Very true, I said; and observe the point which I want to understand: Certain of the unnecessary pleasures and appetites I conceive to be unlawful; every one appears to have them, but in some persons they are controlled by the laws and by reason, and the better desires prevail over them—either they are wholly banished or they become few and weak; while in the case of others they are stronger, and there are more of them.

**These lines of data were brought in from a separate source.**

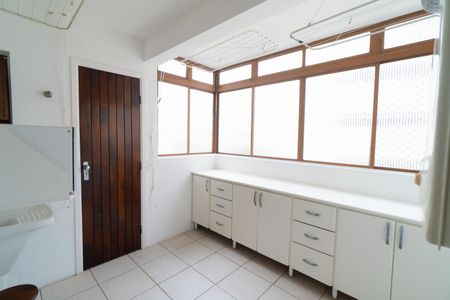 Apartamento à venda com 104m², 3 quartos e 2 vagas Apartamento à venda com 104m², 3 quartos e 2 vagasÁrea de Serviço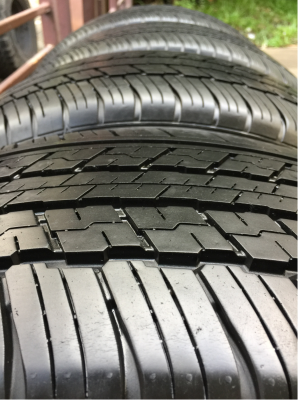 ยาง Dunlop 225 60 18 ปี15 ดอกเต็ม เนื้อนิ่มๆ ใช้ยาว ราคาไม่แพง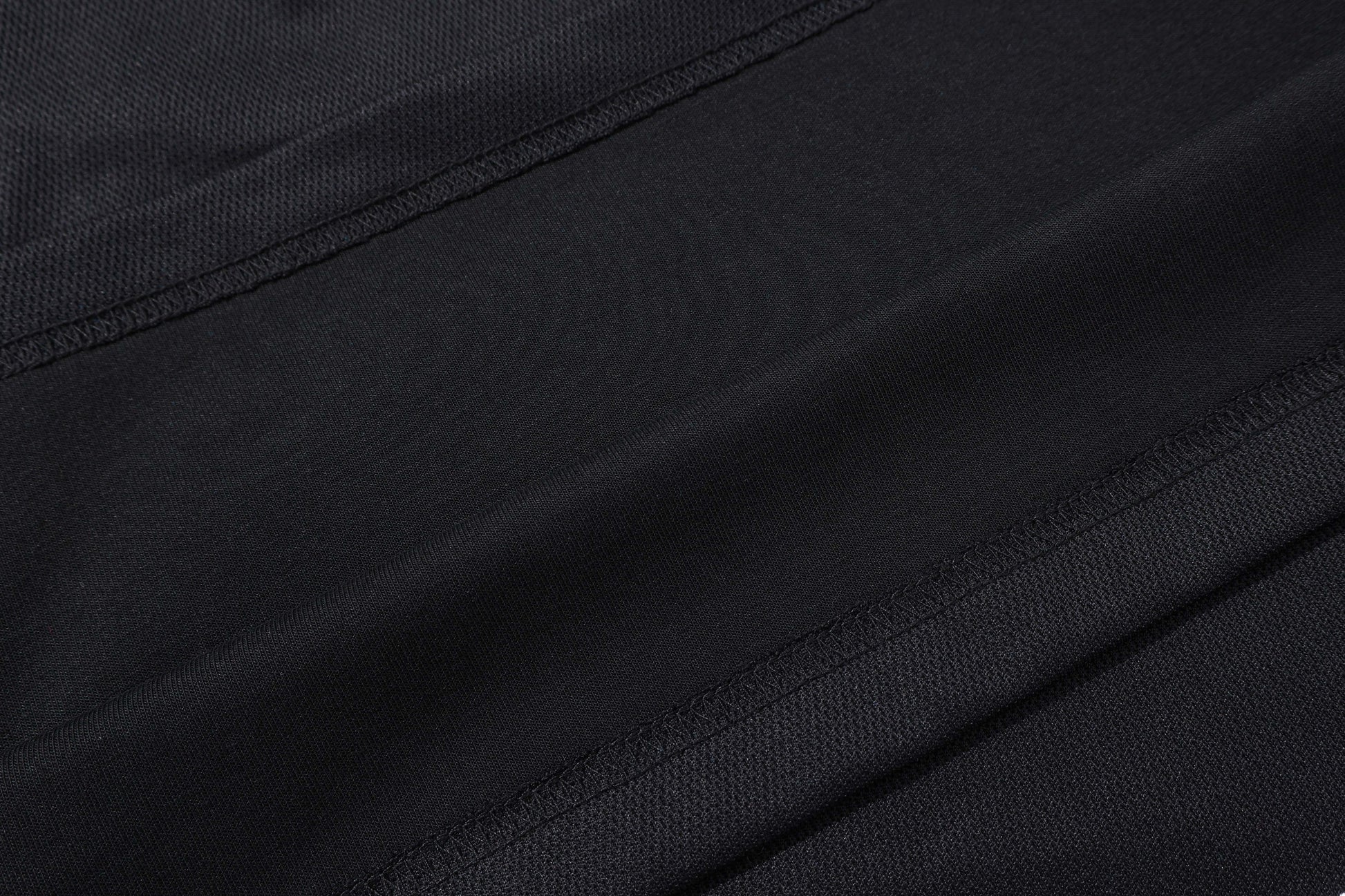 REMARKABLE 01 | Layered T-shirt - Santo 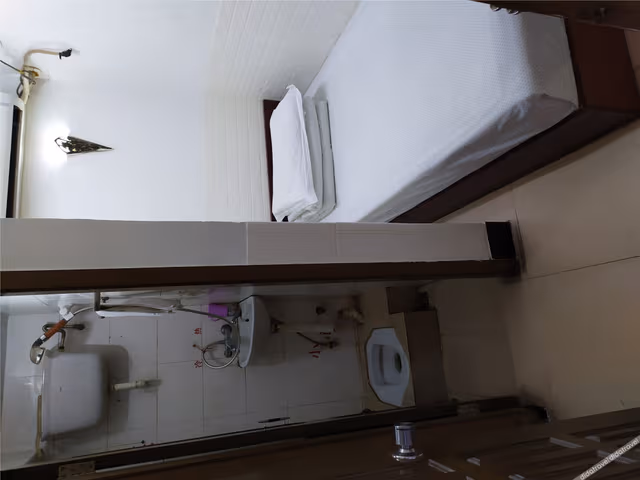 Single Room (No Window)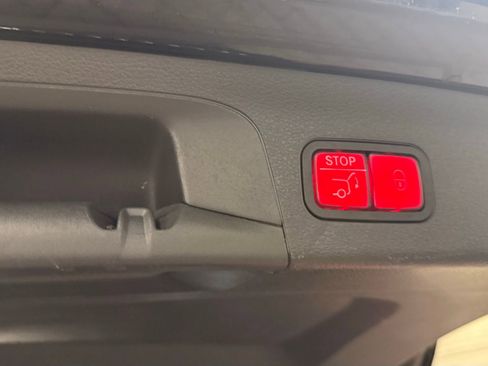 Used 2024 Mercedes-Benz GLS 63 AMG 4MATIC image 54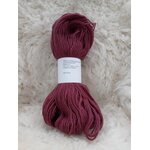 Kasvivärjätty kampalanka 110x4, 100g n. 210m Lacca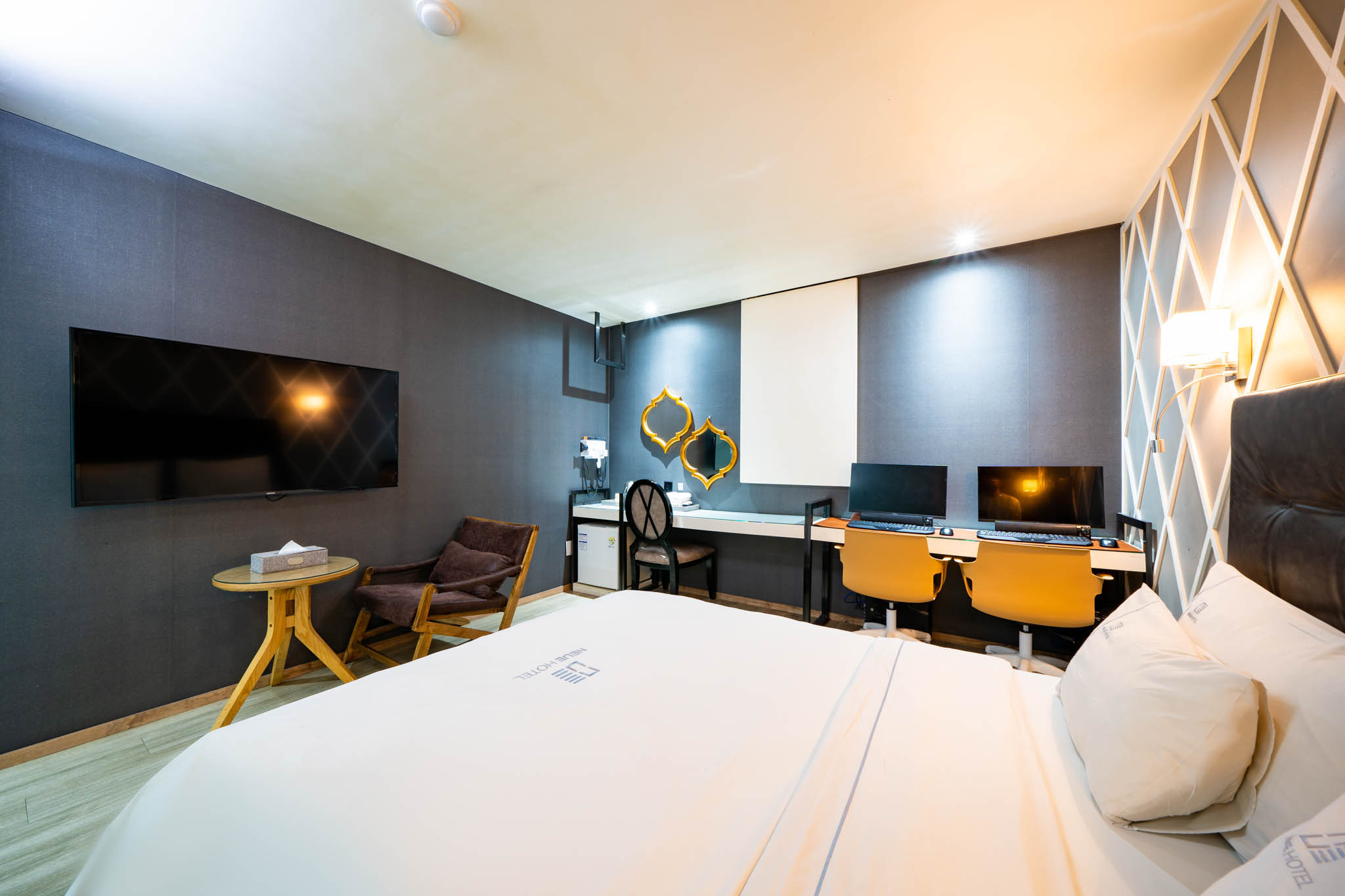 room detail thumbnail 1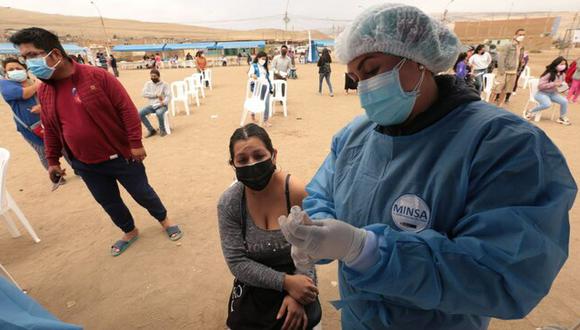 Más de 200 vecinos de Lomas de Ancón fueron vacunados contra la COVID-19. Foto: Minsa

Which appetites do you mean?
I mean those which are awake when the reasoning and human and ruling power is asleep; then the wild beast within us, gorged with meat or drink, starts up and having shaken off sleep, goes forth to satisfy his desires; and there is no conceivable folly or crime—not excepting incest or any other unnatural union, or parricide, or the eating of forbidden food—which at such a time, when he has parted company with all shame and sense, a man may not be ready to commit.
Most true, he said.
But when a man's pulse is healthy and temperate, and when before going to sleep he has awakened his rational powers, and fed them on noble thoughts and enquiries, collecting himself in meditation; after having first indulged his appetites neither too much nor too little, but just enough to lay them to sleep, and prevent them and their enjoyments and pains from interfering with the higher principle—which he leaves in the solitude of pure abstraction, free to contemplate and aspire to the knowledge of the unknown, whether in past, present, or future: when again he has allayed the passionate element, if he has a quarrel against any one—I say, when, after pacifying the two irrational principles, he rouses up the third, which is reason, before he takes his rest, then, as you know, he attains truth most nearly, and is least likely to be the sport of fantastic and lawless visions.
I quite agree.
In saying this I have been running into a digression; but the point which I desire to note is that in all of us, even in good men, there is a lawless wild-beast nature, which peers out in sleep. Pray, consider whether I am right, and you agree with me.
Yes, I agree.
And now remember the character which we attributed to the democratic man. He was supposed from his youth upwards to have been trained under a miserly parent, who encouraged the saving appetites in him, but discountenanced the unnecessary, which aim only at amusement and ornament?